Getting to Grips with Grievances

Dealing with grievances is probably my least favourite work activity. Where the grievance is genuine and sensibly raised, I don’t mind. But I come across so many that are frivolous or nuisance grievances and they’re exhausting and such a waste of time. Some people raise nuisance grievances as a form of protest or delaying tactic, especially employees facing disciplinary action. If the grievance relates to the disciplinary issue, it is generally not necessary to suspend the disciplinary proceedings and the grievance can be heard alongside the disciplinary proceedings. If the grievance is unrelated, ACA suggests that you could stop the disciplinary proceedings until the grievance has been heard, at least to stage one. You are not obliged to do so and on some occasions I have managed the two concurrently, but ensured they are heard by different managers to ensure impartiality.

There is a duty to properly explore grievances, and this should be done promptly. You can reduce the time spent on nuisance grievances. For example, make sure the procedure allows you to reserve the right not to hear grievances that appear to be very weak without some relevant evidence being supplied before a meeting is convened. You can also refuse to hear repeat complaints that have already been raised unless there is clear new evidence which merits a revisiting of the case.

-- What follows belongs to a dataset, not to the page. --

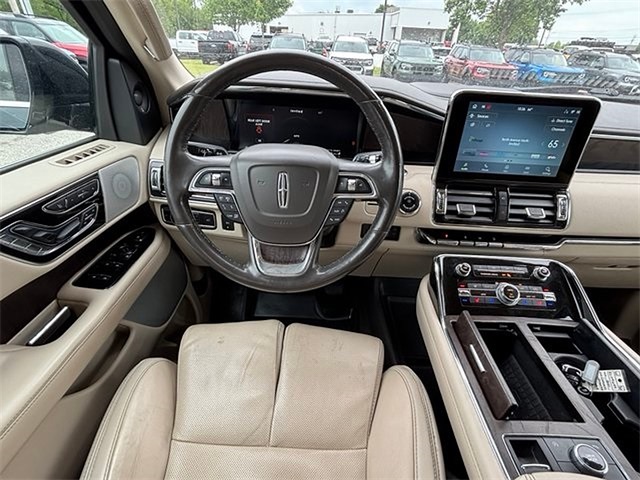 2021 Lincoln Navigator L Reserve 4WD photo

In the case of Martin v Devonshires Solicitors, the EAT reached the conclusion that it is possible to identify a difference between a dismissal because of a grievance itself; and a dismissal because of some feature of a grievance which can properly be treated as separable. i.e. an action that is taken because an employee has lodged unreasonable, multiple grievances which have led to an irretrievable breakdown in the relationship between employer and employee. The former may amount to unlawful victimisation; the latter may not.

Linda Martin was employed by Devonshires as a legal secretary. The first grievance that she submitted to her employer accused the partners of “harassment and victimisation” because Ms Martin had brought an employment tribunal claim against her previous employers. The partners had no knowledge of this previous claim, and the employees who Ms Martin said had witnessed the specific incidents alleged denied that anything of the kind had taken place. The outcome of the grievance was that not only were the allegations untrue, but they had been lodged maliciously. Seven further grievances were lodged by Ms Martin, alleging discrimination and victimisation, none of which were upheld.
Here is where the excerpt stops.